At Marin Academy, we encourage our students to engage in endeavors that are challenging and personalized. During the 2013-14 school year, we decided as a department that for our junior and senior elective courses we should end the more traditional curriculum at the end of April. We had all our students mix it up and work collaboratively across our sub-disciplines and pursue demanding research projects of significant depth. Five years later, now in our brand-new facilities, our science students continue this yearly tradition and we are in our second year of requiring completion of a Senior Project during May. With the seniors departed from the daily class schedule during May, our annual Science Symposium has become a culminating experience for all junior science students.

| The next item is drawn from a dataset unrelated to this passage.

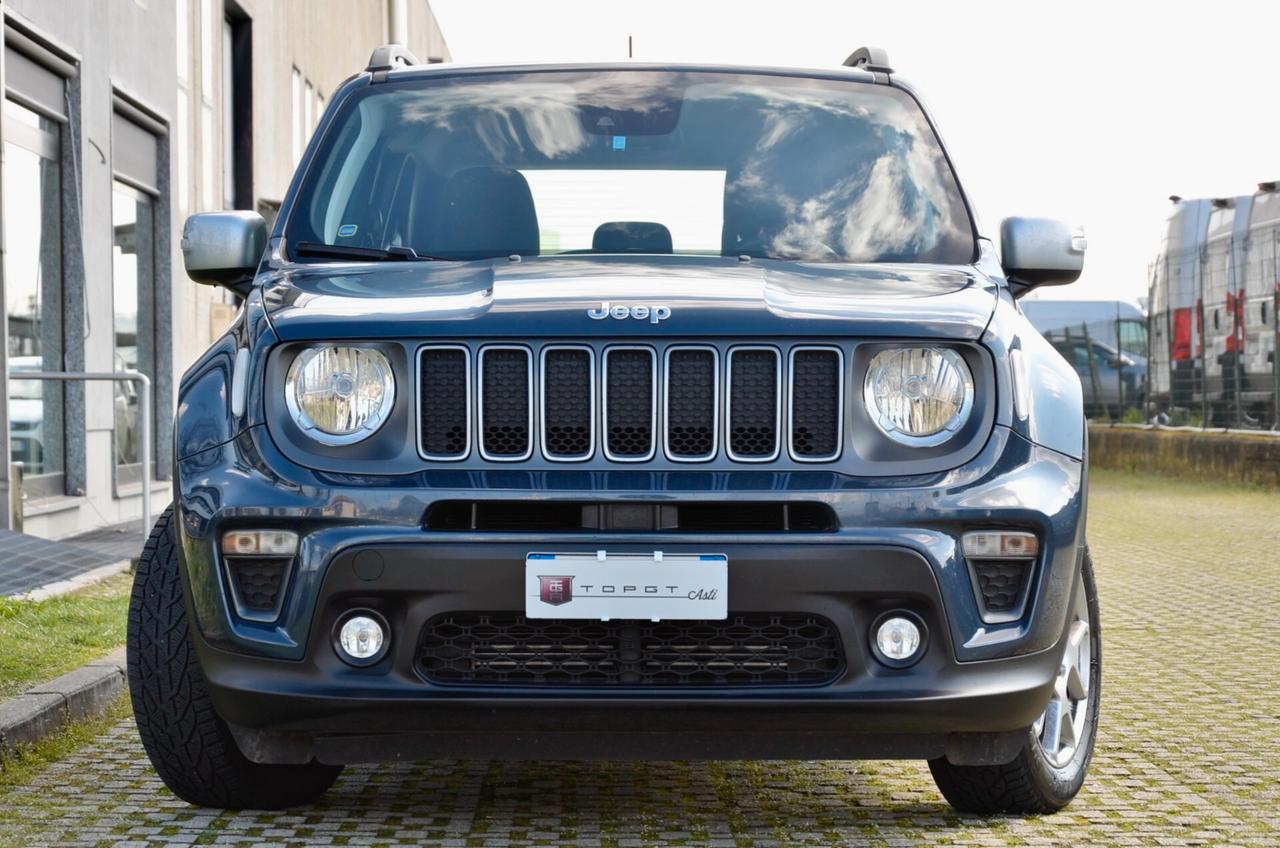 JEEP RENEGADE 1.6 MJT LIMITED 2WD 130cv, PREZZO REALE, SERVICE JEEP, UFF ITALIANA, EURO 6D, APPLE ANDROID, RETROCAMERA, PERMUTE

The numerous and generous donors that contributed to our Science & Innovation Center have made the Symposium possible this year, as well as our Board of Trustees, our head of school Travis Brownley, and our administrative, advancement and facilities teams. Because of the support and years of thoughtful planning and implementation, we have laboratory classrooms and beautiful and capable workspaces that have allowed us to push our students to pursue projects that would not have been feasible in previous years. Every day, we science teachers walk into our classrooms with gratitude that we have such a supportive community, wonderful students and families, and we have the daily pleasure of sharing our love of science and engineering with curious young minds.

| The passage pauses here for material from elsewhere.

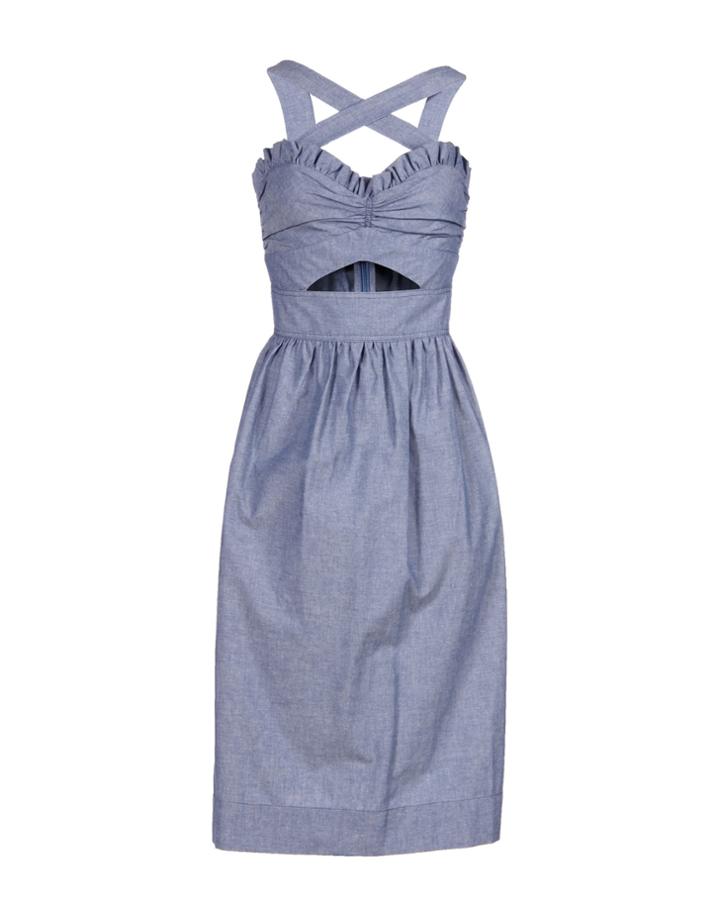 Jill Stuart 3/4 Length Dresses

With the capacity to support many individual projects, May has become the month of science for all grades:
For a third year, the freshman Biology classes have culminated with students embarking on individual experiments. The students have designed, implemented and analyzed the data generated by their own original experiments. These experiments are extensions of a particular topic from their year in Biology that each group chose to explore further, teaching our freshman that the layers of the onion that is science may well be infinite; you can always push deeper.
The sophomore Chemistry students have produced videos of chemical demonstrations (https://sites.google.com/ma.org/2018-cinema-project) for a second year, hooking viewers with what at first seems like wizardry, and then explaining the underlying chemical mechanisms that are more profound than magic.
The juniors in science elective courses have spent the last few weeks collaborating with their peers pursuing a question of their own choosing. Some projects involve an experimental question with either students gathering their data directly, or by consulting publicly-available databases from the mounds of data that is generated each day in research institutions around the world, just waiting for people to analyze. Other projects are more applied and instrumental and involve building devices that can be used for productive purposes. For some projects, the experiment is the device itself.
Seniors in the Marin Academy Research Collaborative will present the results of the independent research projects they have worked on during the past two years. You can learn more about the MARC program and student projects by visiting the MARC website (https://www.ma.org/page/academics/signature-programs/science-research-at-marin-academy).
Scientific inquiry, from the pure to the applied, is now possible for so many students simultaneously at Marin Academy, and again, all who made it possible this year has the gratitude of MA’s science faculty and students.